Bijbelcitaat: Delftse Bijbel (1477), titel bijbelboek Exodus. Hier begint exodus ende spreect hoe die kinderen van israhel wt egipten verlost waren.

Gebruiksvoorbeeld: De exodus van Iraakse vluchtelingen naar Iran blijft aanhouden. Een miljoen staan er voor de grens. Nog eens een miljoen vluchtelingen verblijven in kampen op Iraans grondgbebied. (Journaal, apr. 1991)

Gebruiksvoorbeeld: De aanstaande transfer van de 29-jarige oud-international heeft in Italië grote ongerustheid teweeg gebracht. Silvio Berlusconi, eigenaar van AC Milan, zei: ‘Dit is pas het begin. Als we niet uitkijken vertrekken veel topspelers uit ons land.’ Volgens de oud-premier heeft de exodus alles van doen met de zwakte van de lire. (Meppeler Courant, juli 1995)

Gebruiksvoorbeeld: Dat beeld van honderduizenden Kossovaren die in de eerste weken van de exodus nergens werden opgevangen. (Netwerk, KRO-televisie, 25-4-1999)

Farizeeër

Farizeeër, orthodox godsdienstig leider van het joodse volk in de eeuwen voor en na Christus; (fig.) huichelaar, schijnheilig persoon.

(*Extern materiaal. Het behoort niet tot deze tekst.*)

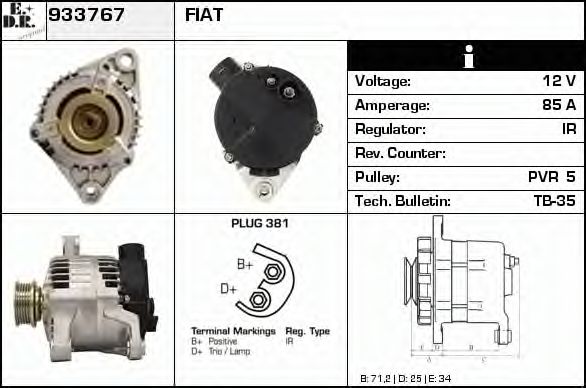 Generator / Alternator 2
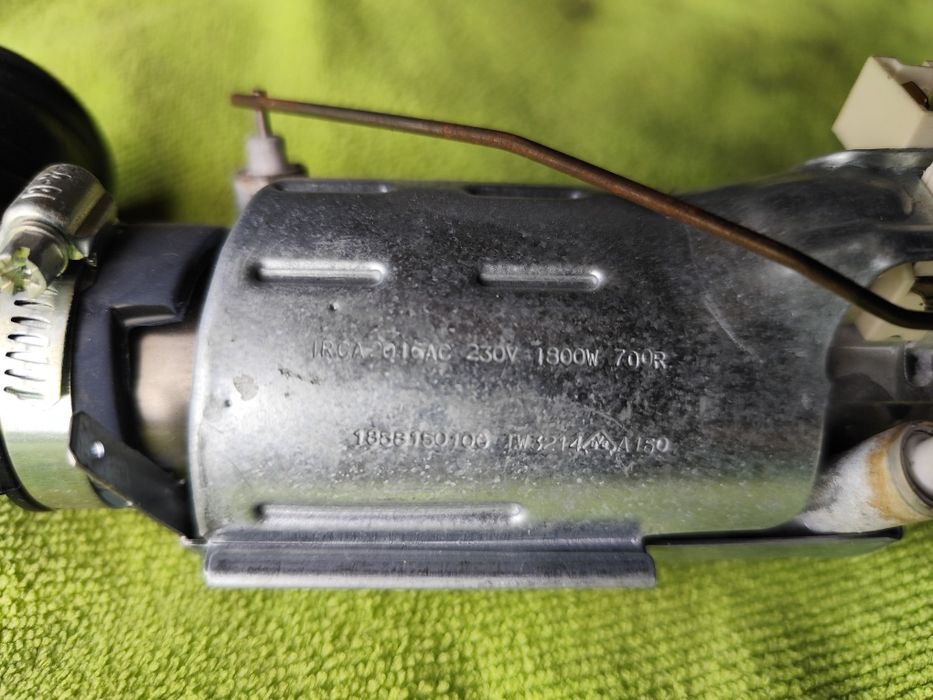 Grzałka do zmywarki Beko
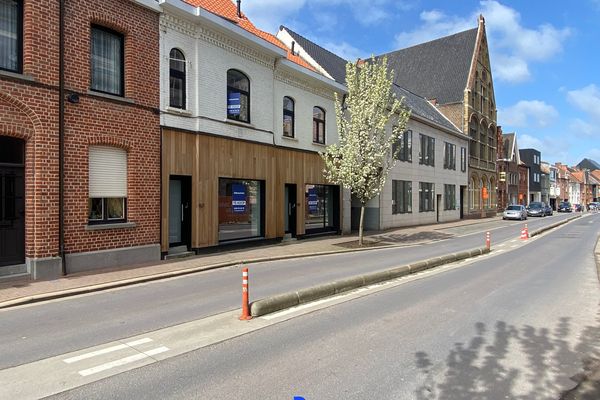 Huis
                            te koop in Roeselare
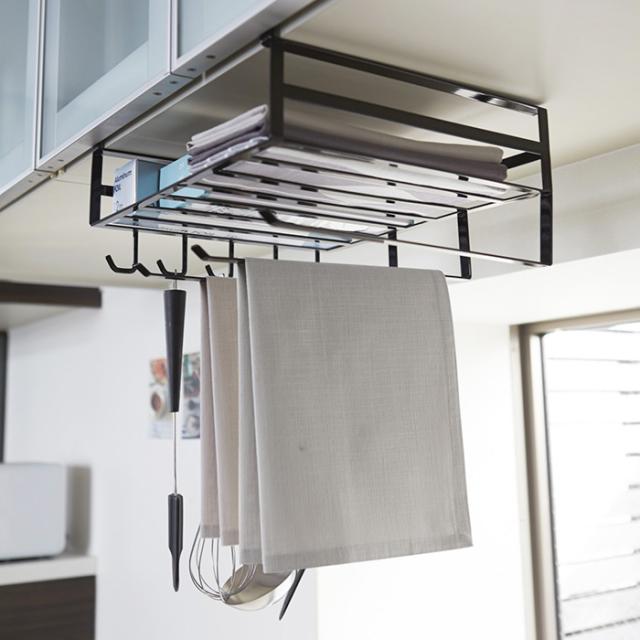 tower 戸棚下多機能ラック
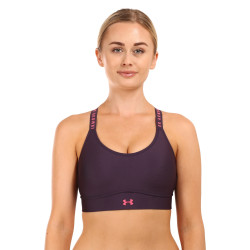 Soutien-gorge pour femmes Under Armour violet (1363353 541)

Farizeïsme, schijnheiligheid, huichelachtigheid.

Farizeeën of Farizeeërs vormden een groep binnen de joodse gemeenschap die grote godsdienstige en politieke invloed bezat. Zij waren uitermate wetsgetrouw en toonden zich daarbij zeer formalistisch. Jezus wijst hen herhaaldelijk op de tegenstrijdigheid tussen hun getrouw volgen van de minste regels en het veronachtzamen van werkelijk belangrijke zaken. Zie bijvoorbeeld een van de verwijten uit de rede tegen schriftgeleerden en Farizeeën in Matteüs 23 waar hij hen als huichelaars bestempelt: ‘Wee jullie, schriftgeleerden en Farizeeën, huichelaars, jullie geven tienden van munt, dille en komijn, maar veronachtzamen wat in de wet zwaarder weegt: recht, barmhartigheid en trouw, terwijl men het een zou moeten doen zonder het andere te laten’ (Matteüs 23:23, NBV).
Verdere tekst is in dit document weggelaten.